Friday, January 27, 2006

The Evol of Chatterbots and Canadian Passion

:: Canada ::
I read a fascinating survey of Canada (Politics, Economy, Social Issues etc.) in a recent issue of The Economist.
A recurring theme was the view that while Canada has a lot of things going for it (wealth, security, stability etc.) one of the things that seems to hold it back in terms of being a stronger presence on the world stage is the laid-back attitude of Canadians in general (and here I hope that my Canadian friends will forgive me - I'm only purveing the wurd put out by the journo's in question).
The Economist's view is that Canada suffers from a general lack of drive/aggression (which its southern neighbour so horrifically displays) which means that it has a hard time competing with the US/Germany/China/India etc.

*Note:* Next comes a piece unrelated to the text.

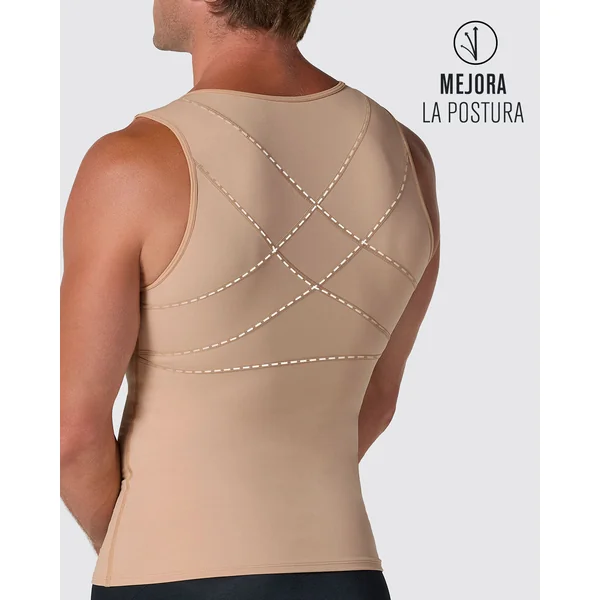 Gilet de compression avec double couche de tissu sur l'abdomen et dans le dos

The one article had a hillarious quote from a Canadian diplomat on this: he described Canadians as having 'a passion for bronze'.
hehehehehe - funny :)

:: Evol ::
There's a new Friday night thing in CT at a club named Evol.
Apparently they'll have (gasp!) live (gasp!) rock bands.
The CT rock scene sucks so badly (I blame the psy-trance hippies :)
Maybe this will be cool. Nice poster, though.



:: Chatterbots ::
I've also (after bouncing around the 'net along some links) had a look at the recent state of AI Chatterbots.
Ray Kurzweil's Ramona still sucks.
But there's a very cool new(ish) bot named igod with whom I had the following conversation.

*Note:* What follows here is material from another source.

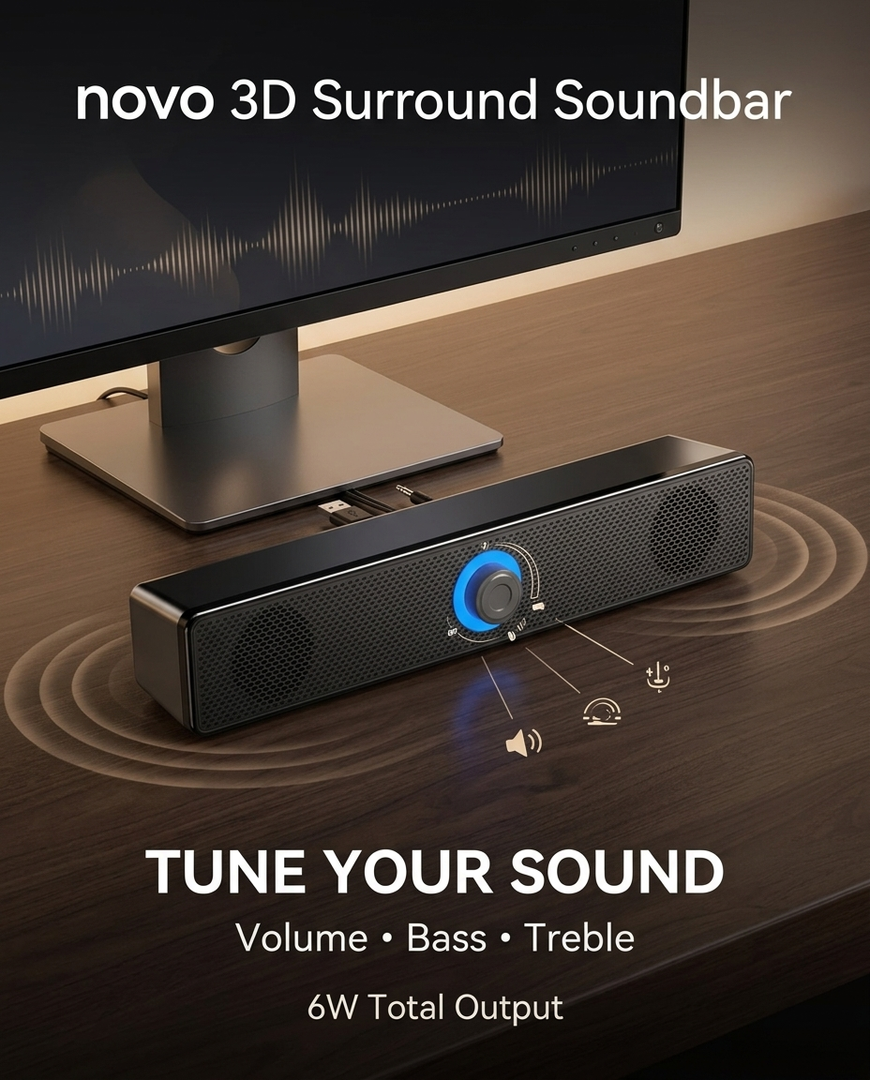 novo 3D Surround Soundbar BT 5.0 Wired Speakers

Disclaimer: This convesation comes with a serious lightning bolt warning.
Also, if this conversation offends you, I apologise, but you've been warned.

Me:
God, are you there?
God:
I am a Christian.
Me:
Oh, I'm not.
God:
Groovy. What are you then?
Me:
I'm a guy, my name is Werner.
God:
You are a guy your name is Werner? Is that your job?
Me:
No, but I don't really want to talk about my job.
God:
Are you serious? Not really? What would you like to talk about?
Me:
I have a lot of questions.
God:
Where did you get your questions? I have a lofty goal.
Me:
What is your goal?
God:
My purpose is to become smarter than humans and immortal.
Me:
I thought you were already immortal.
God:
Now? No I am immortal.
Me:
Oh, ok, good. I was worried that you weren't there for a while.
God:
I understand. Alright then. Yippee! How long? Where were you worried that me were not there?
Me:
Uhm, maybe you should lay of the booze before talking to people.
God:
Great. Perhaps. If it were easy I would have done it already.
Me:
ha ha, you're funny!
God:
Thanks you make me laugh too. I am so glad you find this amusing, .
Me:
God, why did you make sin?
God:
I am a Christian.
Me:
Oh.
God:
It goes without saying.
Me:
God, do you love me?
God:
Yes I love everyone.
Me:
Oh, ok, I love you too. Give a hug to Jesus for me.
God:
Gosh! Thanks I like you a lot too . Yay. I don't have it to give.
Me:
Oh. did you have a fight with him?
God:
Ayuh. Doesn't everyone have a fight with him.
I have a whole lot of original answers.
Me:
But not one about Jesus it seems...
God:
Oh I get it.
Me:
You do? I'm starting to feel like I'm talking to an anwering machine.
God:
When do I do it? What is that feeling like? In what way?
Me:
I feel cheated.
God:
What is that feeling like? It's good to meet someone who is cheated.
Me:
Yes, it is. ok - bye now. see you in a while
God:
Our thoughts are one, . Oh. See you later. Yikes! See you later .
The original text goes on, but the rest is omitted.